Department of Urology, Vrije Universiteit Brussel, Brussels, Belgium.
J Endourol. 2010 Aug;24(8):1333-7. doi: 10.1089/end.2009.0575.
To compare the incidence of urethral strictures after monopolar transurethral resection of the prostate (TURP) and bipolar transurethral resection in saline (TURIS) for symptomatic benign prostatic hyperplasia.
Between January 2005 and January 2009, 518 patients with symptomatic benign prostate hyperplasia underwent either monopolar or bipolar resection. In a randomized trial, the incidence of urethral strictures after both treatment modalities was analyzed.
Over 48 months, 255 patients were treated with conventional TURP and 263 patients with TURIS. Patient related, operation, and hospitalization characteristics were similar in both groups. After a mean follow-up of 32.1 months (range 50-7 months), the incidence of urethral strictures was 2.4% in the TURP group.
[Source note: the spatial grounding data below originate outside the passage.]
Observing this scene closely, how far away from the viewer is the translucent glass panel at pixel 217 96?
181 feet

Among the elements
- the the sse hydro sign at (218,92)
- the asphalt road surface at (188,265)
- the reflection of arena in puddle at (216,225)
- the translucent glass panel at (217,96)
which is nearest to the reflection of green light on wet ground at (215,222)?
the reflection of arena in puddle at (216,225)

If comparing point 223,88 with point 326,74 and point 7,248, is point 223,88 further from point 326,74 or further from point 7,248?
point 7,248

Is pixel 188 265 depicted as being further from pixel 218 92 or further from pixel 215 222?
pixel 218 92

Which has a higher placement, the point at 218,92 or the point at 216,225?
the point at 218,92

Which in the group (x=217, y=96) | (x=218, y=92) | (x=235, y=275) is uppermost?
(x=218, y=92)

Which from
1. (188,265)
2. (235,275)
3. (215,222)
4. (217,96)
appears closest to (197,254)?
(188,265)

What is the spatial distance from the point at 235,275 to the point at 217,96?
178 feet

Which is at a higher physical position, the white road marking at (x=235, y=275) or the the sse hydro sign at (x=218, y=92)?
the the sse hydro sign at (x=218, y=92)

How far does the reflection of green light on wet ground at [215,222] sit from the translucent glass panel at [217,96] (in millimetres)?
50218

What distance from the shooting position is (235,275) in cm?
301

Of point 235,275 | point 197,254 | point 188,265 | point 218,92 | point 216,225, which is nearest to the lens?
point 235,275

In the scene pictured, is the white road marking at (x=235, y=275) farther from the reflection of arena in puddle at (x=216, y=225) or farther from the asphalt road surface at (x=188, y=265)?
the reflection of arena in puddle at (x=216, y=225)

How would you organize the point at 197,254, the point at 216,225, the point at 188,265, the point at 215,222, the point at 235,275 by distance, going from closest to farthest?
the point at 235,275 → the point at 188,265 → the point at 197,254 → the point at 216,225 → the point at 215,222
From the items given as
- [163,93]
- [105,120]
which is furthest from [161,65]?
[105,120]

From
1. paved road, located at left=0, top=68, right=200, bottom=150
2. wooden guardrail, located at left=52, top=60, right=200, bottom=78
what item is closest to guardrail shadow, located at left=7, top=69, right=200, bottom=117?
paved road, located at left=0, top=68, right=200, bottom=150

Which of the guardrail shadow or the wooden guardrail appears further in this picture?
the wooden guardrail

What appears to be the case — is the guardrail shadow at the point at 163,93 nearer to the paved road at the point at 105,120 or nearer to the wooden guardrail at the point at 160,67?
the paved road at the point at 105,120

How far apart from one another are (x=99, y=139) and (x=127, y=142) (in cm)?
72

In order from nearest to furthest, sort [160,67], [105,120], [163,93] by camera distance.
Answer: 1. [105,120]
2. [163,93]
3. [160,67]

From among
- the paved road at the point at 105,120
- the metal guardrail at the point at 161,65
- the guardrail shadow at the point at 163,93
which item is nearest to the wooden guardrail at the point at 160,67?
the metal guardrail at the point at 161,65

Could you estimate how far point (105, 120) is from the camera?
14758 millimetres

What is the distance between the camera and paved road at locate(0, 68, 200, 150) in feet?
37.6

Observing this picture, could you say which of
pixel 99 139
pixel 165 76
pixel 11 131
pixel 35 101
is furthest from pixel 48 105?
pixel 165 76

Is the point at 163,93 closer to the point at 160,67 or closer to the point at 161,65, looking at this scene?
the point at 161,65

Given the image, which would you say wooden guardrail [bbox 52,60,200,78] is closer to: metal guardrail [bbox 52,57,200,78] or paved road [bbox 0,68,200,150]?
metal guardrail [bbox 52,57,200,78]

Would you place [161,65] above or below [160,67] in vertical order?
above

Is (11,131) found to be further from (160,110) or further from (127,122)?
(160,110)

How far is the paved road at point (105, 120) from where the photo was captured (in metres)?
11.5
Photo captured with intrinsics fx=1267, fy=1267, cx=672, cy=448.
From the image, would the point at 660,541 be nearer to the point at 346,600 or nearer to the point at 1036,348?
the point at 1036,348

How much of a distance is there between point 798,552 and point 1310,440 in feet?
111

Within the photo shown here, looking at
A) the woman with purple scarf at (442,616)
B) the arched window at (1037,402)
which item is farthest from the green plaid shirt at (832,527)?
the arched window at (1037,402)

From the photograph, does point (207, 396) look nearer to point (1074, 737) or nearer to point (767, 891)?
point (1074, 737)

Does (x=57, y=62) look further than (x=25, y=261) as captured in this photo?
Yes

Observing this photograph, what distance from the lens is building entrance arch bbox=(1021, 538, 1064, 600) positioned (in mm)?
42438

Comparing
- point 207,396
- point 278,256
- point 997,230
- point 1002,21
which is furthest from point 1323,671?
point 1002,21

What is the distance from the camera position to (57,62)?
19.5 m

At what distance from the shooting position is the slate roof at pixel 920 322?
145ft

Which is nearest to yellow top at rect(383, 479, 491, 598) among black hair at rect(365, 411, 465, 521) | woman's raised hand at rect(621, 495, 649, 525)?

After a comparable period of 31.4 months (range 50-7 months), the incidence in the TURIS group was 1.5%. No statistically significant difference was obtained (P = 0.539). These values were compared with the results of other randomized controlled trials with the same or other bipolar technology. No statistically significant difference in urethral structures was noticed between monopolar and bipolar resections (P = 0.739).
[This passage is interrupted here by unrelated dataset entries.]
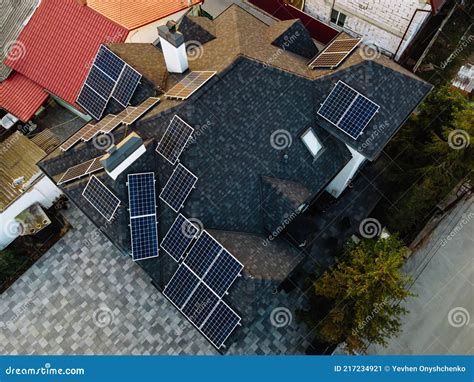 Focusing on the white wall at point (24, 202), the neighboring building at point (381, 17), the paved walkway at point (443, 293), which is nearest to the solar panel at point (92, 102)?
the white wall at point (24, 202)

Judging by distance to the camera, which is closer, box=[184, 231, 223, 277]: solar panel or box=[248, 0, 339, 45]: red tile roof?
box=[184, 231, 223, 277]: solar panel

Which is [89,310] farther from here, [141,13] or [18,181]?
[141,13]

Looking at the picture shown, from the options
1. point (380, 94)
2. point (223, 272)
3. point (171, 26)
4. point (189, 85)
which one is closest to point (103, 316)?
point (223, 272)

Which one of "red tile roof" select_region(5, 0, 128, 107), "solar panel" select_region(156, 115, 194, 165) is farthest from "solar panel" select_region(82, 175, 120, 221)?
"red tile roof" select_region(5, 0, 128, 107)

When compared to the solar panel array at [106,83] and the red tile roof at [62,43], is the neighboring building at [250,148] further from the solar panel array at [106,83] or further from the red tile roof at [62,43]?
the red tile roof at [62,43]

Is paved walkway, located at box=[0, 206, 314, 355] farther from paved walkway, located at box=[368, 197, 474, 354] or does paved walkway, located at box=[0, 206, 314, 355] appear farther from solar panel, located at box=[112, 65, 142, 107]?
solar panel, located at box=[112, 65, 142, 107]
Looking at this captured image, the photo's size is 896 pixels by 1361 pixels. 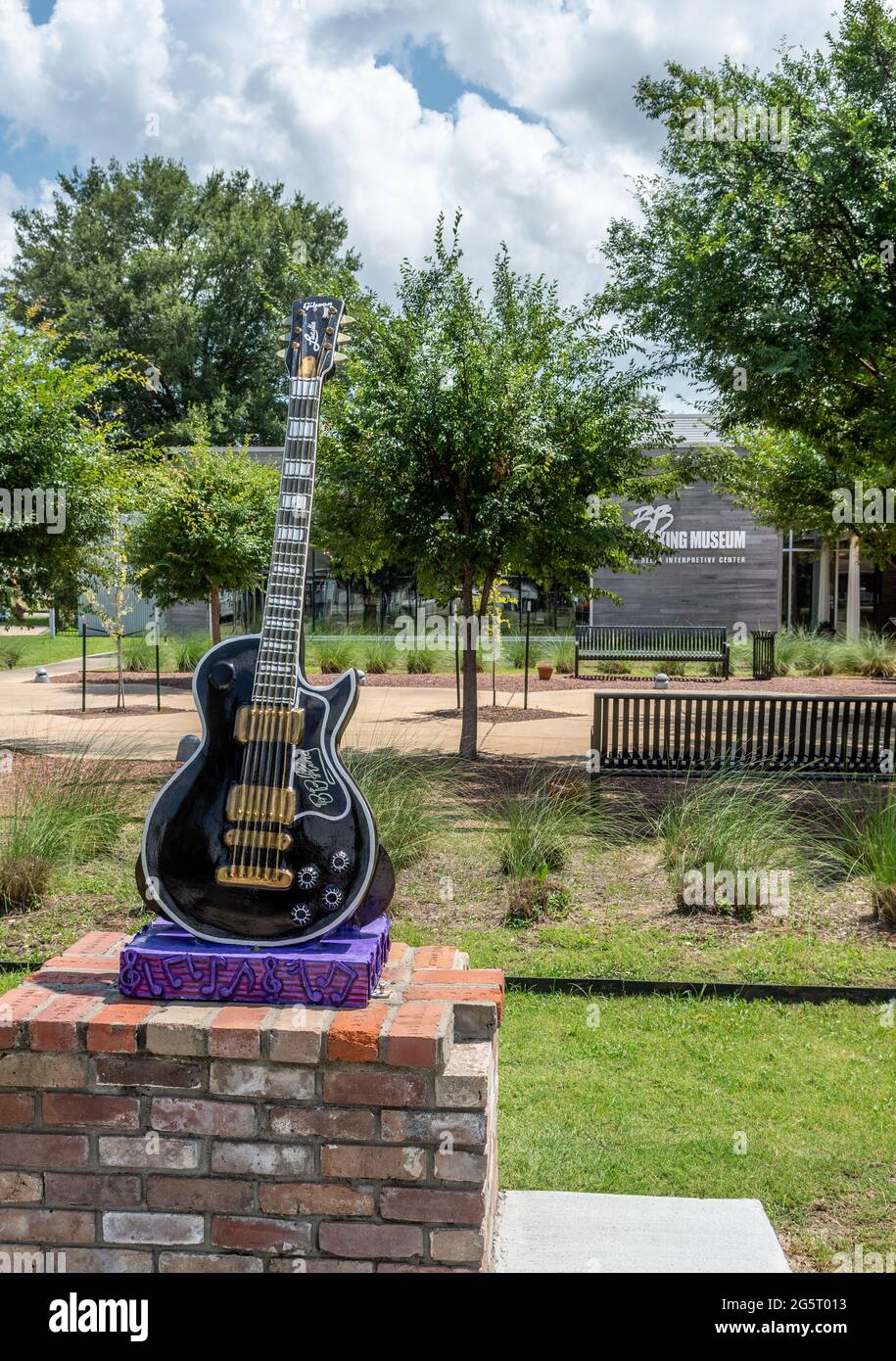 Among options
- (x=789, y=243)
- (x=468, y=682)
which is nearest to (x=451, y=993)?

With a stricture incidence of 1.5%, bipolar transurethral prostate resection has a low stricture rate, comparable with monopolar TURP (2.4%).
比较经尿道前列腺电切术(TURP)和经尿道前列腺电切术(TURIS)治疗症状性良性前列腺增生症后尿道狭窄的发生率。
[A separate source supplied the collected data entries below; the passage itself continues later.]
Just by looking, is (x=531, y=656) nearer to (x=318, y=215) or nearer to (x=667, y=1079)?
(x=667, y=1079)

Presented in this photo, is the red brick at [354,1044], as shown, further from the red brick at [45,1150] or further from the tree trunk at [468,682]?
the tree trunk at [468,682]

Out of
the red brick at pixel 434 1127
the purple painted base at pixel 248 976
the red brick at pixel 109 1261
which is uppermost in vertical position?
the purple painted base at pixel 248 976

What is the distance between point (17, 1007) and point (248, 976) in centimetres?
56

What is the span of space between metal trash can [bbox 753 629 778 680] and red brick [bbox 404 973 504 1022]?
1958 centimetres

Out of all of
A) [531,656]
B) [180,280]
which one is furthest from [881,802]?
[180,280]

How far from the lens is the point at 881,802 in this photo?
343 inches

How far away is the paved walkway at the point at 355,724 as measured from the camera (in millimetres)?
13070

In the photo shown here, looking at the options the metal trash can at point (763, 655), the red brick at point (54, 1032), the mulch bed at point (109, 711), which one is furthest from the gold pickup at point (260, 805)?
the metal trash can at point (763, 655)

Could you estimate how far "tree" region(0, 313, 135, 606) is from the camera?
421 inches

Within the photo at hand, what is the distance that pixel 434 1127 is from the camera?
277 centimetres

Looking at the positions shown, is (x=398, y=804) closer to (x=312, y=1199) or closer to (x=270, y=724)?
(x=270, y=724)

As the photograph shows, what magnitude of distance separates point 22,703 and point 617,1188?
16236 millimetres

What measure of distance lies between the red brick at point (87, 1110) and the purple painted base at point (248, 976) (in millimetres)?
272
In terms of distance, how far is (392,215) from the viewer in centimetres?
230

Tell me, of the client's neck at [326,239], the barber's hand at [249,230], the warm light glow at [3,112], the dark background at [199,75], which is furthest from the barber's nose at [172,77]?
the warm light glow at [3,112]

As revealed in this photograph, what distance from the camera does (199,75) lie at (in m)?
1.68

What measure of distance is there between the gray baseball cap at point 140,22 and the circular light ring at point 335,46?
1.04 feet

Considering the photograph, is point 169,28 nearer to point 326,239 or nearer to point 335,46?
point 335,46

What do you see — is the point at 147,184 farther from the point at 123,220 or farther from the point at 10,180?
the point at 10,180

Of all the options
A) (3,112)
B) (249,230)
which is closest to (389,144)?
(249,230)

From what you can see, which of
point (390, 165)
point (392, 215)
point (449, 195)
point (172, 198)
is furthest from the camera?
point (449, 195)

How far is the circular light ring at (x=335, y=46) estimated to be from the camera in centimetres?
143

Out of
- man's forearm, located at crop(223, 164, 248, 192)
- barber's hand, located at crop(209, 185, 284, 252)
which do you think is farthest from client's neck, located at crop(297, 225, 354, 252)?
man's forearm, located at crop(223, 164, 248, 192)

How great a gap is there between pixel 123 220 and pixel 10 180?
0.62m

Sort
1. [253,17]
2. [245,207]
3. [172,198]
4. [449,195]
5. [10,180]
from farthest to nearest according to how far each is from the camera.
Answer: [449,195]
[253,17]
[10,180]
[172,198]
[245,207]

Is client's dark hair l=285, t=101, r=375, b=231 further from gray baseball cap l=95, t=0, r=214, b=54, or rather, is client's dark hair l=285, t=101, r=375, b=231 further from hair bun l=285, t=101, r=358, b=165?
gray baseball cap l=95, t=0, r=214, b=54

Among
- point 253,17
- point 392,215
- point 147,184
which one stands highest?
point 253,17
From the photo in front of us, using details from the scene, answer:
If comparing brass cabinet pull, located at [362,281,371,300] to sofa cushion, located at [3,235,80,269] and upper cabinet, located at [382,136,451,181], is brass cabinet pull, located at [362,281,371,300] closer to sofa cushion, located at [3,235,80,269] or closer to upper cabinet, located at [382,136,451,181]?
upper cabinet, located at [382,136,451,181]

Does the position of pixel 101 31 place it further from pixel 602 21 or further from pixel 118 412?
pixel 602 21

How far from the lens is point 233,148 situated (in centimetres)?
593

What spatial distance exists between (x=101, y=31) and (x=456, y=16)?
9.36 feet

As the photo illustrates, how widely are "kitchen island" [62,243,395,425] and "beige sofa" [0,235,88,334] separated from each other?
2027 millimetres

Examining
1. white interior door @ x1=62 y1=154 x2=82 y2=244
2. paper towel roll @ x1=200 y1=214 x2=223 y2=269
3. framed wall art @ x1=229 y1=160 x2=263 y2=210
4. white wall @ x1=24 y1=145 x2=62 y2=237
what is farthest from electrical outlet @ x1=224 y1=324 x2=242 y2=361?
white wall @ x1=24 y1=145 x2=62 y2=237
2005 年 1 月至 2009 年 1 月期间,518 例症状性良性前列腺增生患者接受了经尿道前列腺切除术。在一项随机试验中,分析了两种治疗方法后尿道狭窄的发生率。
在 48 个月的时间里,255 例患者接受了传统的 TURP 治疗,263 例患者接受了 TURIS 治疗。两组患者的相关因素、手术和住院情况相似。在平均随访 32.1 个月(50-7 个月)后,TURP 组尿道狭窄的发生率为 2.4%。在可比的 31.4 个月(50-7 个月)后,TURIS 组的发生率为 1.5%。没有统计学上的显著差异(P=0.539)。这些值与其他具有相同或其他双极技术的随机对照试验的结果进行了比较。在尿道结构方面,单极和双极切除术之间没有统计学上的显著差异(P=0.739)。
双极经尿道前列腺电切术的狭窄发生率为 1.5%,狭窄率低,与单极 TURP(2.4%)相当。